**DATA PROVIDED**
━━━━━━━━━━━━━━━━

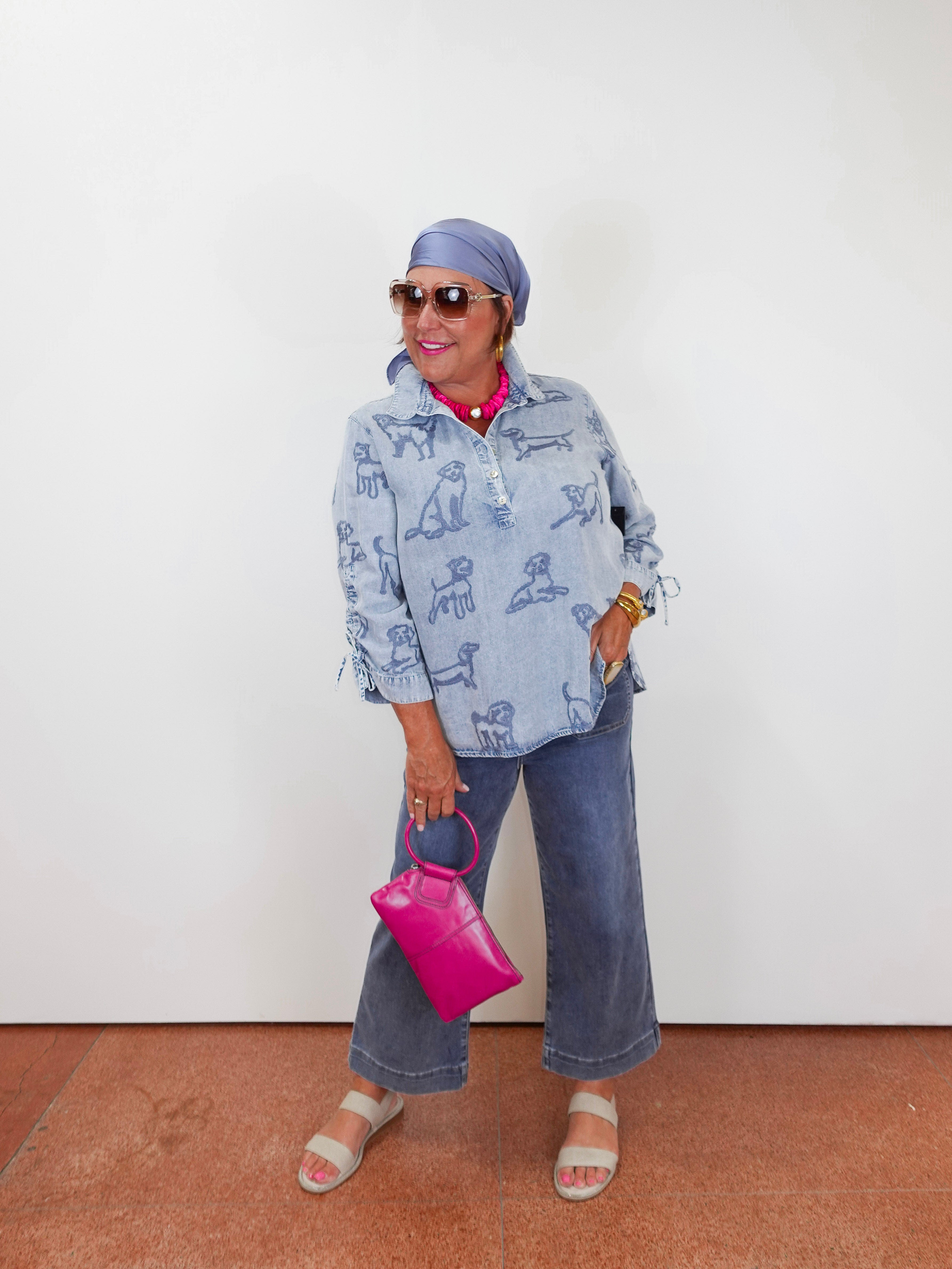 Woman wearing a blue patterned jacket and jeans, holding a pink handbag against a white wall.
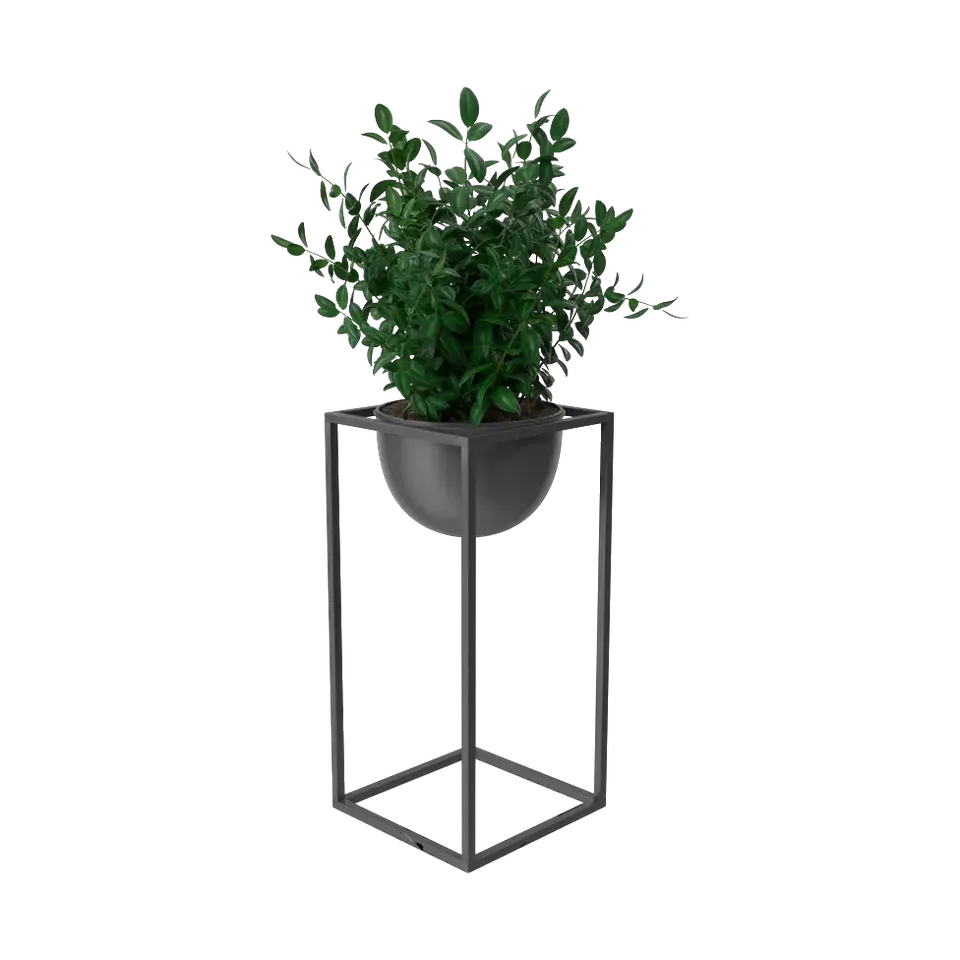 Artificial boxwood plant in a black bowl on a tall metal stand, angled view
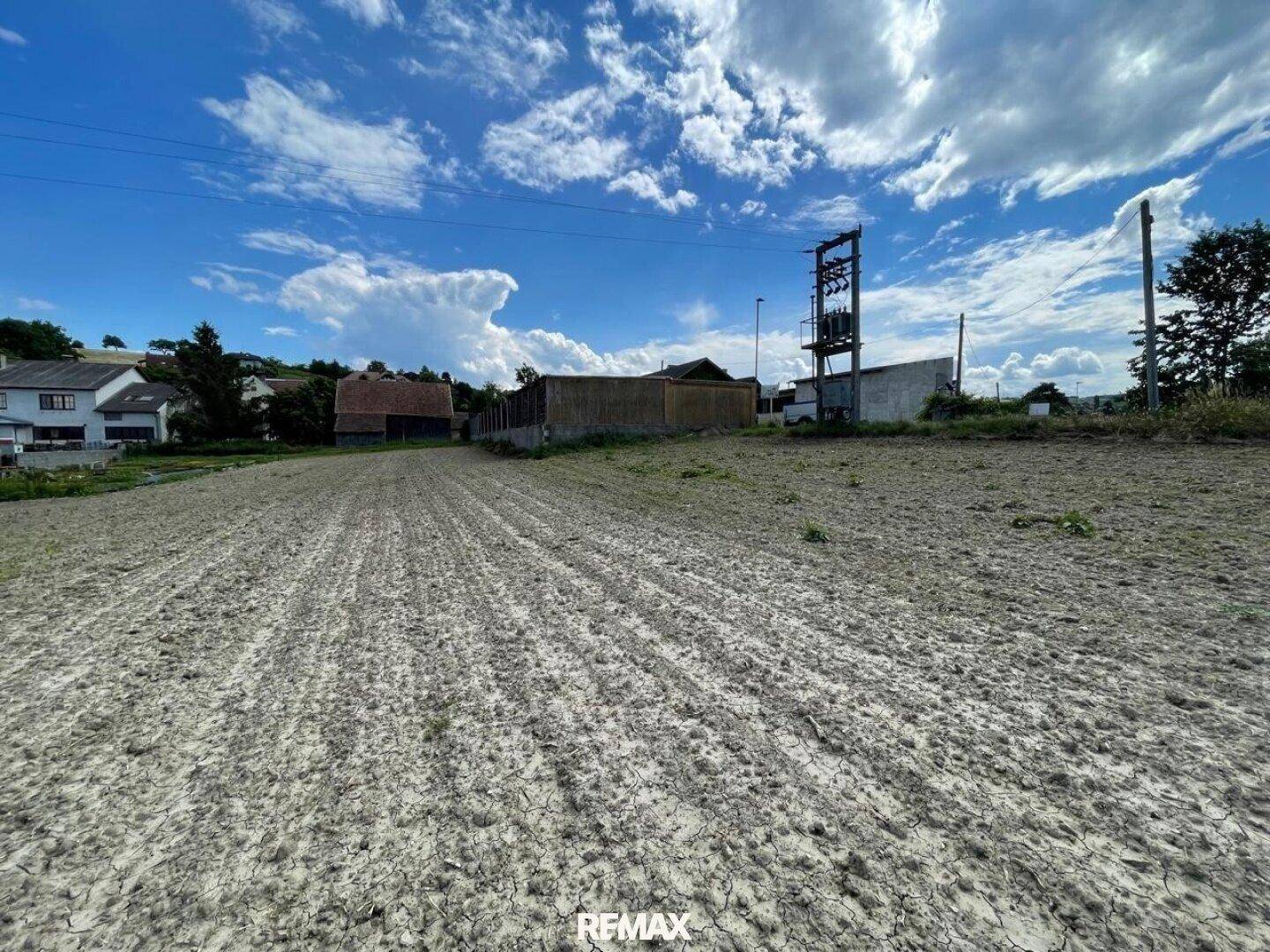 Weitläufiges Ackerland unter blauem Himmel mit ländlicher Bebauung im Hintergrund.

━━━━━━━━━━━━━━━━

Could you set down the material above word for word while dropping its pictures?

**TASK SOLUTION**
 Woman wearing a blue patterned jacket and jeans, holding a pink handbag against a white wall.
 Artificial boxwood plant in a black bowl on a tall metal stand, angled view
 Weitläufiges Ackerland unter blauem Himmel mit ländlicher Bebauung im Hintergrund.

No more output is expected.